It’s a shame that women just don’t walk around like this anymore. I’d start a revolution, but all my white curtains are mildewy. Perhaps I’ll procure a new one in time for Kara’s wedding and then I’ll debut some old school breast-baring.
In work news, Tina has got to go. She is constantly running over to talk in her high-pitched whiny voice to Eleanore, and I guess it wouldn’t be so much of a problem if Eleanore didn’t sit right behind me.
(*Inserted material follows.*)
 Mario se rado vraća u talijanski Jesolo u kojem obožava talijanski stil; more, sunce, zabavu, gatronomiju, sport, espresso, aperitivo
Even with my headphones on, I can sense Tina’s mullet clogging up my breathing space, and if I toss a glance over my shoulder, sure enough, there she is with her high-waisted jeans and protruding pelvis.
I really want to find a way to sabotage her, to make working there so painful for her that she has no choice but to quit or move back to dayshift. Short of cutting off the penises of homeless men and draping them over her work area, I’m at a loss. But can you imagine? "I haven’t seen a penis since I used to ride horses!"
My boss asked me last night how Eleanore has been with the coupon-cutting. "Not too bad," I answered. But after thinking about it for a few seconds, I added, "But it’s not like Tina gives her any time for that." Tina follows Eleanore into the bathroom, Tina goes into the kitchen while Eleanore refills her coffee, Tina trails behind Eleanore every time she goes outside for a cigarette. It’s disgusting. It’s like Tina is Eleanore’s dingleberry.
And then, because she’s Tina and special, she plugs her mp3 player into what I can only assume are portable speakers and listens to her classic rock freely and loudly at her desk. Monday night, she sauntered over to my area, headphones slung around her neck, ZZTop blaring from the tiny buds, like she wanted to impress me. I emailed fellow Tina-hater Bob about it yesterday, and he replied with "She’s got legs."
"Legs of a leper," was my reply.
Now for whatever fucked up reason I’m picturing Tina in the above picture and I pretty much want an acid eye wash right now.